Instructions to follow: The material below is to be copied exactly from the line with "view of home's" up to and including the line with "Vetle Sjaastad Christiansen", with nothing else kept and no pictures.

Records to process:

Content starts

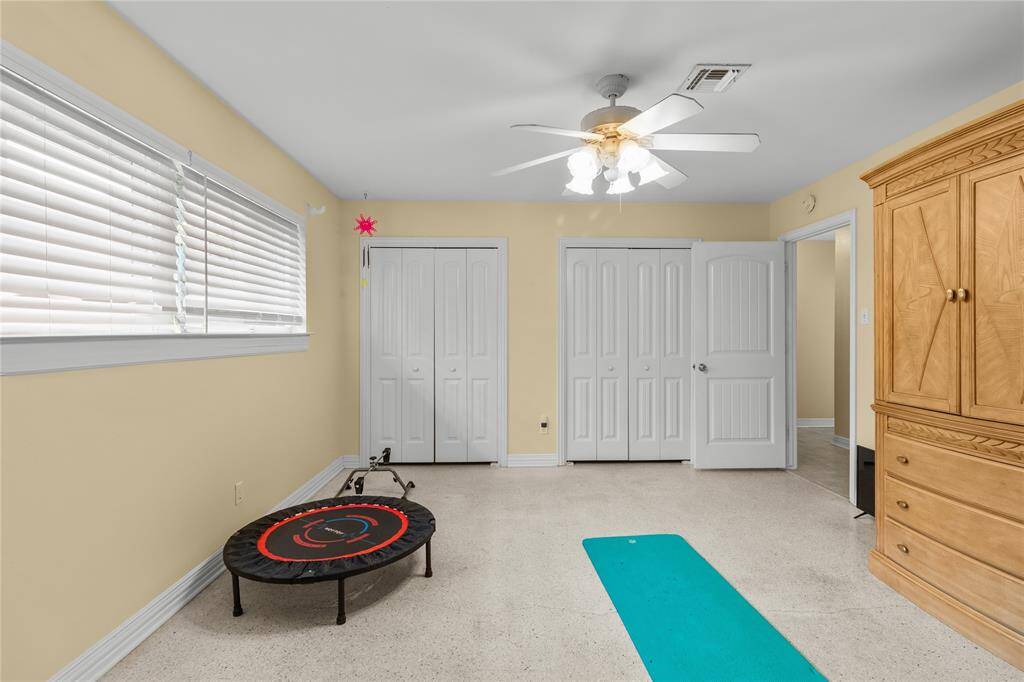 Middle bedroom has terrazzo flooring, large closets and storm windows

Content ends
Content starts

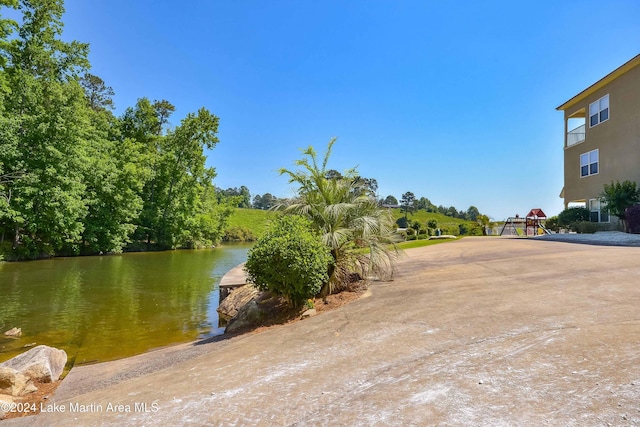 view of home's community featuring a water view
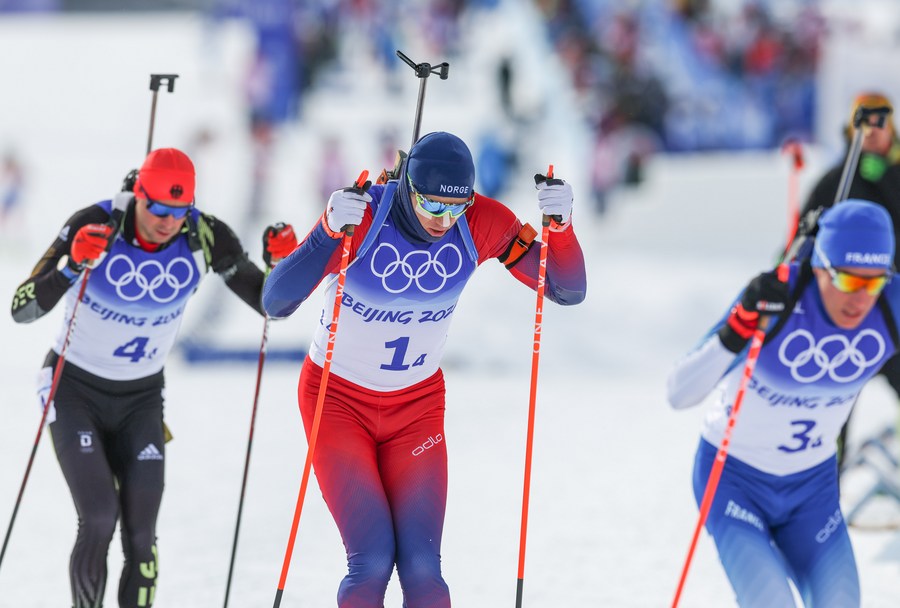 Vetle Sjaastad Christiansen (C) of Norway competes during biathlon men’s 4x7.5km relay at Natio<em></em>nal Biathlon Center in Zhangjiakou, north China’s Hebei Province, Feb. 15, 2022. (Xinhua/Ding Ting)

Content ends

Task result:
 view of home's community featuring a water view
 Vetle Sjaastad Christiansen (C) of Norway competes during biathlon men’s 4x7.5km relay at Natio<em></em>nal Biathlon Center in Zhangjiakou, north China’s Hebei Province, Feb. 15, 2022. (Xinhua/Ding Ting)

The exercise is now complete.